I've felt like I'm falling apart for a while now, like things are getting worse and worse and last night was all that just blowing up. No one IRL knows, but my pervert does (the Samaritans, I email them sometimed and that's my nickname for them.)
I hope everyone's alright, sorry for lack of individuals.
*Hugs Mara and Lex* The two of you seem to be struggling right now, I'm sorry, I wish I could help. Just want you to know I care.

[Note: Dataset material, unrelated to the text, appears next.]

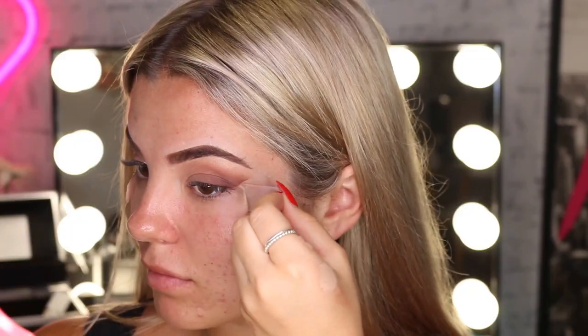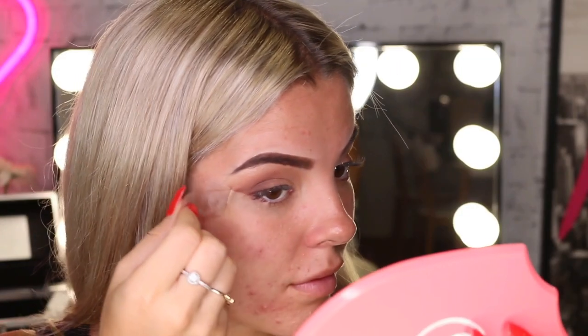When you go and do your eyeshadow and take the tape off, there'll be a crisp line, as you can see in the demo I've done for you guys. I love this trick and do it all the time. I sometimes use it on clients who want a smoked out winged liner look — I always use tape for that. I really recommend this tip.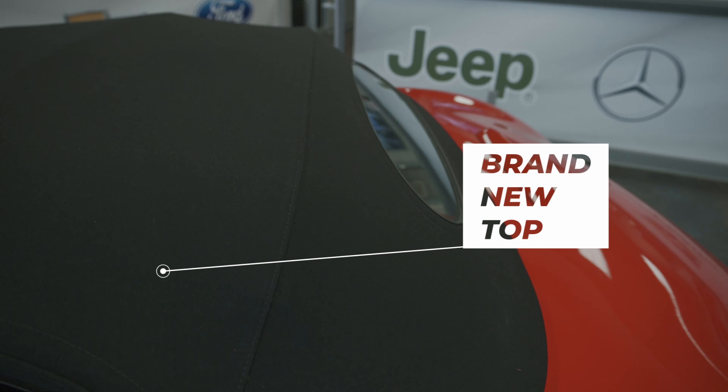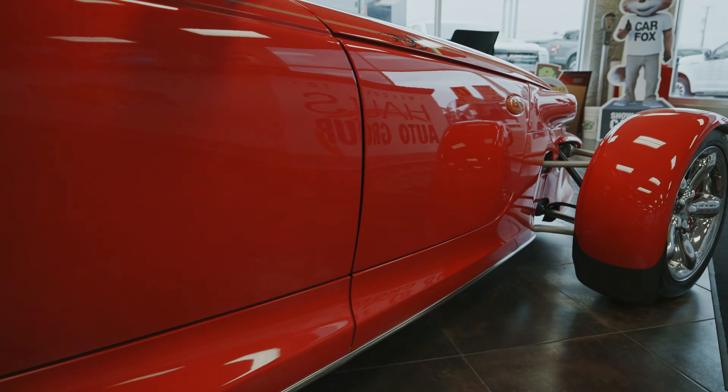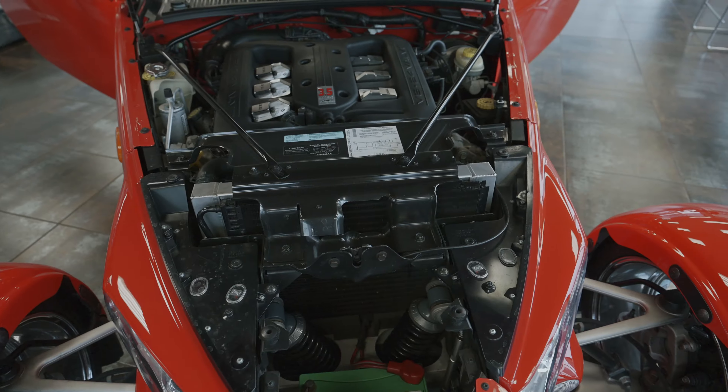What makes this stand out from the rest of the Prowlers in the area? Most don't have brand new tires, brand new wheels without any pits, and a brand new top. Most will not have a brand new top, and this one happens to have one.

I'm sat here watching Sex and the City on my own. Is there a sadder existance? :/
Oh and Mark, I love the sound of that present, if it's her thing, I think she'll really like it :)
To answer your question, Mark, nope, haven't seen Julie about in quite some time. :-/ Am a bit concerned about her actually, can't even remember the last time she posted. Must've been quite some time ago. Has anyone here been in contact with her??
Lia, glad you're doing okay(ish) now, and also glad that you have the Samaritans to email if you really need to talk and get a somewhat immediate reply. Also glad that you didn't do anything more with the pills. But... I am still worried about you. *gentle hugs*
Hmm just finished breakfast - finally - ugh. :( I feel super full now. It's icky. And I didn't follow my nutritionist's advice either, to have it "first thing in the morning" - had it nearly 2 hours after I got up, ahahaha... >_< ...oops. Oh well.
I.want.to.sleep. Even though I just got up 2 hours and 20 minutes ago... I am ****ing exhausted. :(
I really need to... I don't know, be a nicer person? I just posted a relatively bitchy post on LJ and I'm afraid that people will take offense at it. :( Or else just tell me to "suck it up" ... ugh. Am tempted to go back and edit out the parts that are especially bitchy but I don't really want to do that either.